Changed the approach, joined the new pd-2 to the existing pd-1, and pd-2 can start normally. However, the issue is that the logs of these two PDs show they belong to different clusters. Using pd-ctl to check also shows that each belongs to its own cluster, which does not match the expectation.

| username: Billmay表妹 | Original post link

According to your description, the issue might be caused by inconsistent cluster IDs between pd-1 and pd-2. The cluster ID is the unique identifier for a TiDB cluster, and if the cluster IDs of different nodes are inconsistent, it will lead to communication issues between the nodes.

To resolve this issue, ensure that the cluster IDs of pd-1 and pd-2 are consistent. You can follow these steps:

  1. Execute the command tiup cluster display <cluster-name> on the pd-1 node to check the current cluster ID.

  2. Execute the command tiup cluster edit-config <cluster-name> on the pd-2 node to edit the cluster configuration file.

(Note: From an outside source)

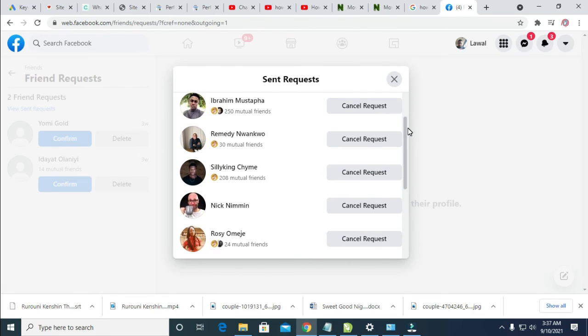I forgot to tell you at the beginning, you have to log into your Facebook account first before you start to do this.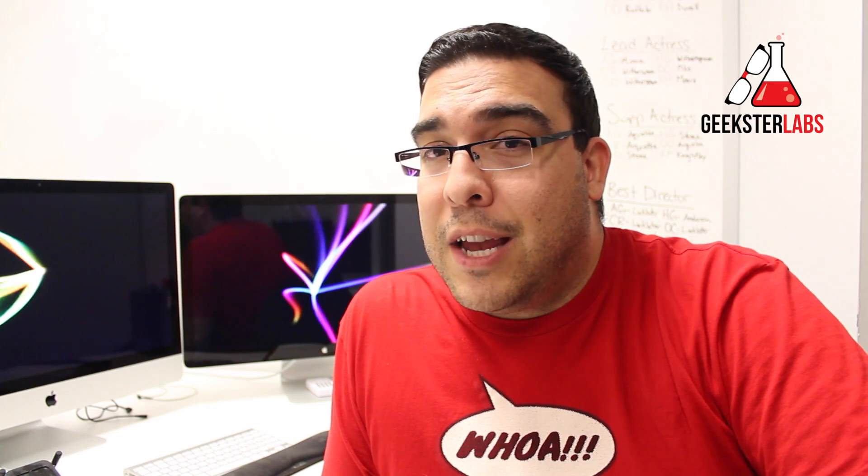What's up Geeksters? It's me Omar from GeeksterLabs.com. How you doing today guys? Well it's time for another Top Secret Tuesday 2 Minute iPhone Tip.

  3. Add the following content to the configuration file:

cluster-id = "<cluster-id>"

where <cluster-id> is the cluster ID you checked on the pd-1 node.

  1. Save the configuration file and exit the editor.

  2. Execute the command tiup cluster reload <cluster-name> -R pd-ctl on the pd-2 node to reload the cluster configuration.

  3. Execute the command tiup cluster start <cluster-name> -R pd-ctl on the pd-2 node to start the pd-2 node.

If the above method does not resolve the issue, you may try reinitializing the TiDB cluster.